Bild: „Die taz ist die geilste Zeitung“, so etwas hat Richard von Weizsäck…
Als ich unlängst dem taz-Kollegen Thomas Hartmann davon erzählte, dass ich
etwas über Fake News schreibe, grinste er und sagte: „Na, da bist du ja der
perfekte Autor“ – und wir erinnerten uns an unsere Fehden über Fake News,
die wir vor über 30 Jahren in der taz ausgetragen hatten.
Thomas war damals der erste Chefredakteur der Zeitung.
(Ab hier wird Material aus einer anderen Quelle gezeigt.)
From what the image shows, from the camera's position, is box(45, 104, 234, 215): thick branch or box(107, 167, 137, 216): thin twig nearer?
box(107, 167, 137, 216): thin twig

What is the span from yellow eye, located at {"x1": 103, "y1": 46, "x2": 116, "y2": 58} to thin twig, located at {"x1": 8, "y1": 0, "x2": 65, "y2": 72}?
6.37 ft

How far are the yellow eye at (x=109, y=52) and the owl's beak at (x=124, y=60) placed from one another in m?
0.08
Ich war für den
Kulturteil zuständig und wollte mir da weder von ihm noch von sonst wem
reinreden lassen. So nahmen wir uns in der Kultur öfter mal die Freiheit,
auch Fakes zu veröffentlichen.
Zum Beispiel die Geschichte vom „Glühbirnen Fake“. Die hatte ich mit
unserem Autor [1][Helmut Höge] auf einer Nachtzugfahrt durch die DDR
ersonnen, als wir von Thomas Pynchons Geschichte der unsterblichen Birne
Byron und über die reale Glühbirnen-Verschwörung sprachen.
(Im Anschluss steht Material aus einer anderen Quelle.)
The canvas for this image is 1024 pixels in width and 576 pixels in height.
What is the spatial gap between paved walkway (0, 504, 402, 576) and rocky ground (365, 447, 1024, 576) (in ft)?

Auch kamen wir zu dem Schluss, dass es sich offenbar bei den bizarrsten
Geschichten in Pynchons Roman nicht um Fiktion, sondern um Fakten handelt,
dass also hinter dem „Fake“, der dichterischen Zuspitzung und Ausmalung
eine Tatsache steht.
## Glühbirnen an den unmöglichsten Stellen
Da es noch Raucherabteile gab, genehmigten wir uns einen Joint und kamen
vom Hölzchen aufs Stöckchen und irgendwann auch auf die Ödnis der aktuellen
deutschen Literatur, über die ich zur kommenden Buchmesse wieder eine
Sonderbeilage zusammenstellen sollte. Da waren uns bei einigen
Neuerscheinungen gerade auch ein paar Glühbirnen aufgefallen, die an
unmöglichen Stellen in Büchern ein- oder ausgeschraubt wurden. Nicht mit
dem Hintergrund wie bei Pynchon, sondern einfach nur so … öde.
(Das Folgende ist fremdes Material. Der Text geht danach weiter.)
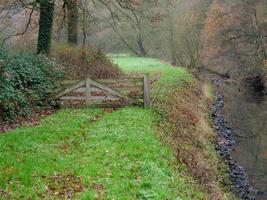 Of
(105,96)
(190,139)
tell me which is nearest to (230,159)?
(190,139)

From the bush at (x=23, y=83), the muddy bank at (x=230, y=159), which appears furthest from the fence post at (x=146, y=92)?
the bush at (x=23, y=83)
Und warum ist die aktuelle Literatur so langweilig, obwohl eigentlich
spannende Glühbirnen dauernd vorkommen? Weil diese Autoren – Grass, Walser,
Enzensberger usw. – ihre Bücher längst nicht mehr selbst verfassen, sie
lassen schreiben.
Von einem diskreten Unternehmen, dessen im Schatten bleibende Ghostwriter
nur eine diskrete Freude haben: an den unmöglichsten Stellen dieser
Erfolgsbücher Glühbirnen ein- oder ausschrauben zu lassen, als geheimes
Erkennungszeichen.
Wir konnten nun anhand von Ausrissen aus diesen Erfolgsbüchern und einer
„Reportage“ über die geheime Agentur – Helmut hatte sie „Agentur Stand…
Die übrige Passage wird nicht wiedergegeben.